Speaker 1 (40:00): Yes. With Jobs business program on CNN?

Sudha Shenoy (40:04): Yes. Yes. I was horrified when

Speaker 1 (40:06): I No. No. He’s become from some unknown reason of being a protectionist. And I can’t quite figure that out unless he’s planning on running for president someday.

Sudha Shenoy (40:17): But

Speaker 1 (40:19): he turned his guns last week to the the export of service jobs to India

Sudha Shenoy (40:25): Mhmm.

Speaker 1 (40:26): And other countries. And he had a a professor, a business professor from New York. I think he’s a management professor from New York University of Columbia. And he made a very good argument that the export of these service jobs actually saves jobs in The United States because companies that basically were in the absence of these service jobs being exported abroad, that they would have to shut down or at least curtail operations

Speaker 3 (40:58): in The

Speaker 1 (40:58): United States so that our retail operations and finance and electronics can remain viable simply by exporting various categories of of service jobs.

Speaker 3 (41:15): I think it was a

Speaker 1 (41:17): good argument that he that he made it. Well, it actually was effective in encountering the docs. The only sad part of that was that they reported the the next night that the that that professor had died.

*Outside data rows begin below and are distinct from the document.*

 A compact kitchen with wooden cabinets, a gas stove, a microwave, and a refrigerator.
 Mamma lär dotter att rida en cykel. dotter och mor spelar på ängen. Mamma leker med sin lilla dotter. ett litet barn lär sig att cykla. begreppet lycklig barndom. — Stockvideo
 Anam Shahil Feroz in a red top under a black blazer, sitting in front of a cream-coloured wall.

Sudha Shenoy (41:29): Oh, yeah. Overnight. Mhmm. All

Speaker 2 (41:31): of those were talking about.

Speaker 3 (41:33): Okay. Well, I don’t know. But it’s

Speaker 1 (41:36): it’s an interesting development.

Sudha Shenoy (41:38): Yeah. Well, I mean, it’s it’s common sense says if you can get something cheaply, a fraction of what it used to cost you, it’s a good thing. You know, you’ve got the extra income, output, whatever to do something else with. So that if the Asians can supply particular services, particular goods or whatever, anybody can supply it. A fact a fraction of the previous cost. You can now use your resources to produce the whole range of other things. As I said, the only trouble is that the other things which you produce will not come with these labels tied around their necks saying, you know, remember those cheap imports, we are the result of, you know, increased output. So therefore, one has to argue in a sense it is a completely abstract argument, which I think many people would find difficult to to follow through.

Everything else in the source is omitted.